- Exercise -
Leave every picture out. Set down all the lines below exactly.

- Stored data -
·····
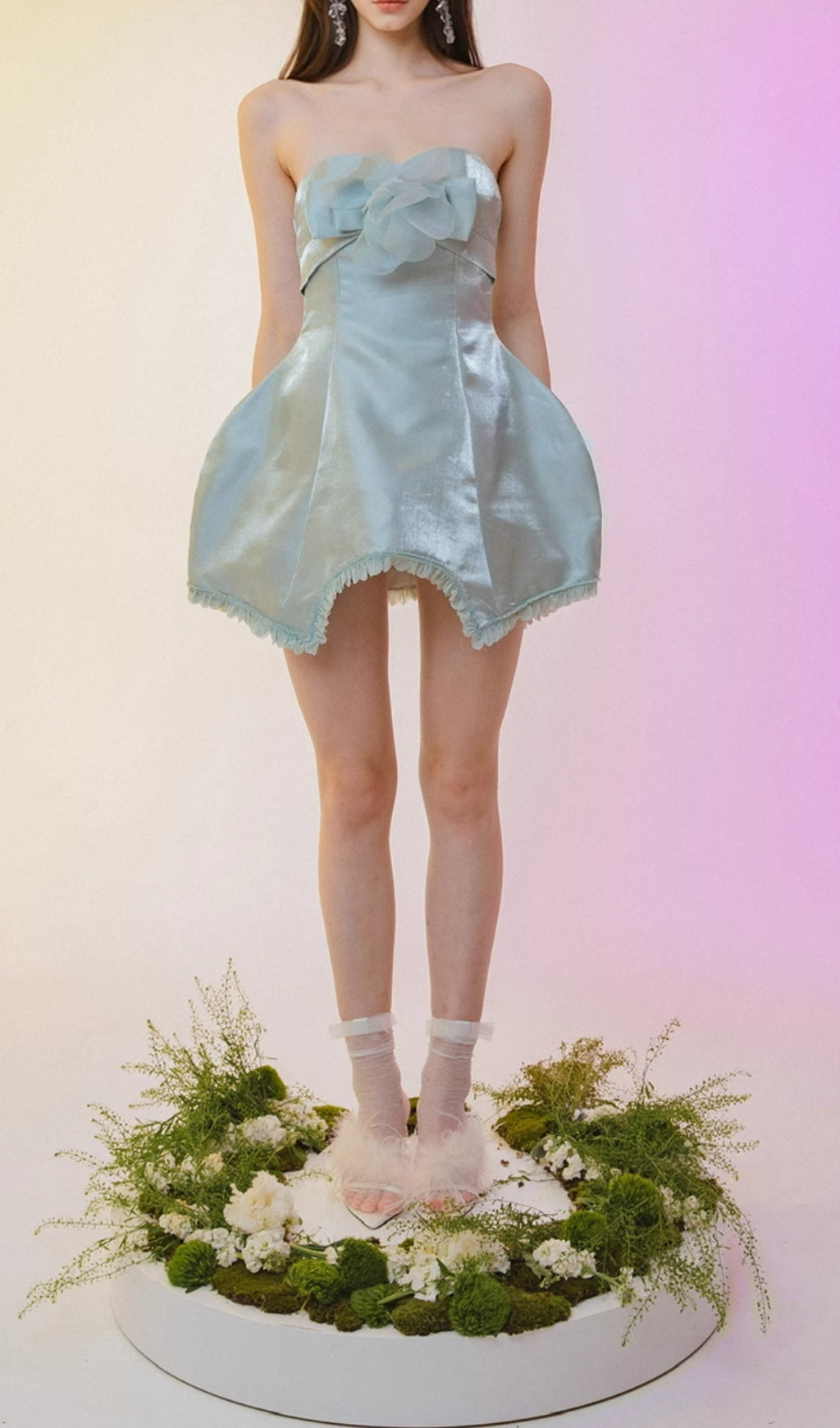 Chickoa Dreamy Mint Strapless Floral Mini Dress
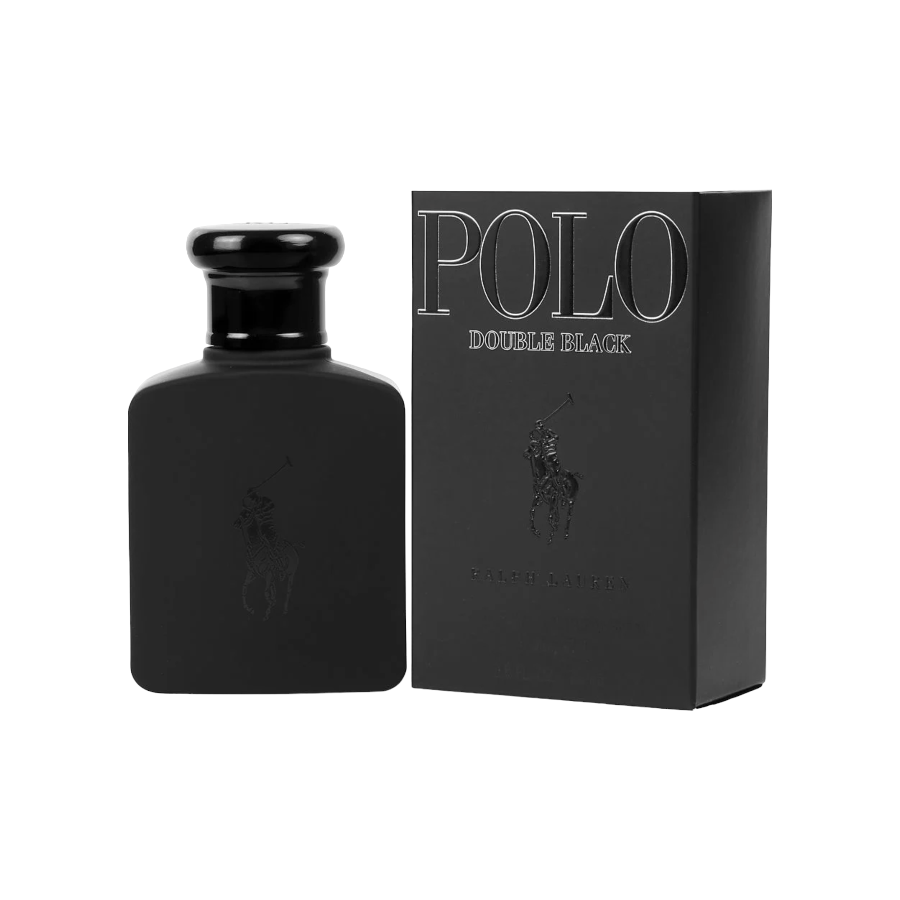 A black bottle of Polo Double Black eau de toilette for men alongside its packaging box, both featuring the Ralph Lauren logo.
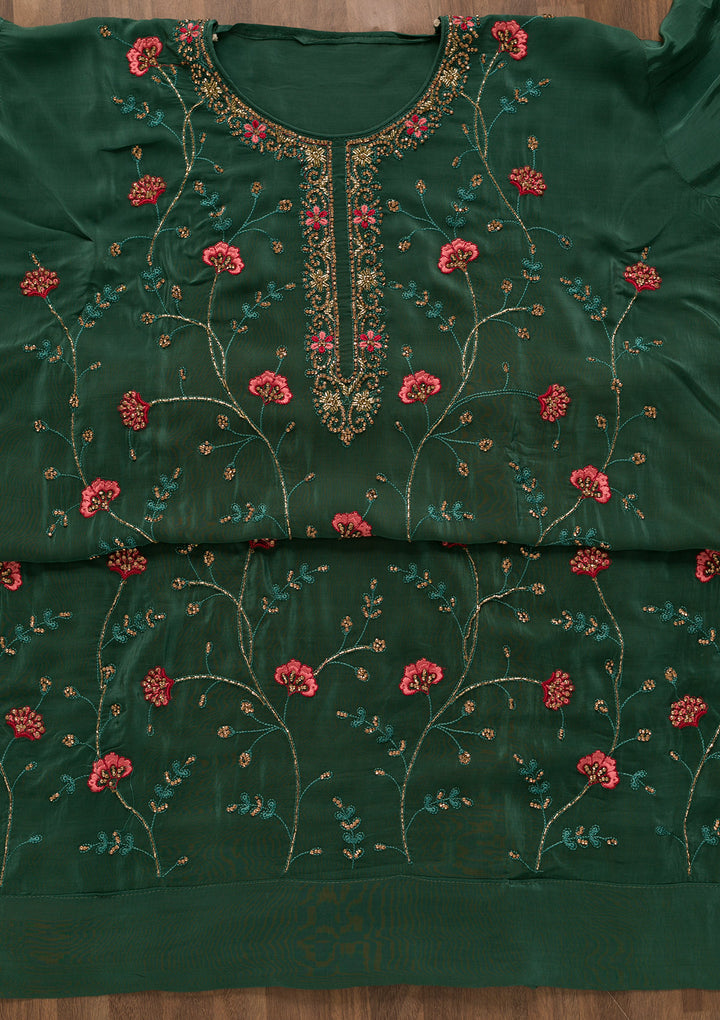 Sea Green Stonework Crepe Unstitched Salwar Suit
·····
- Reply -
 Chickoa Dreamy Mint Strapless Floral Mini Dress
 A black bottle of Polo Double Black eau de toilette for men alongside its packaging box, both featuring the Ralph Lauren logo.
 Sea Green Stonework Crepe Unstitched Salwar Suit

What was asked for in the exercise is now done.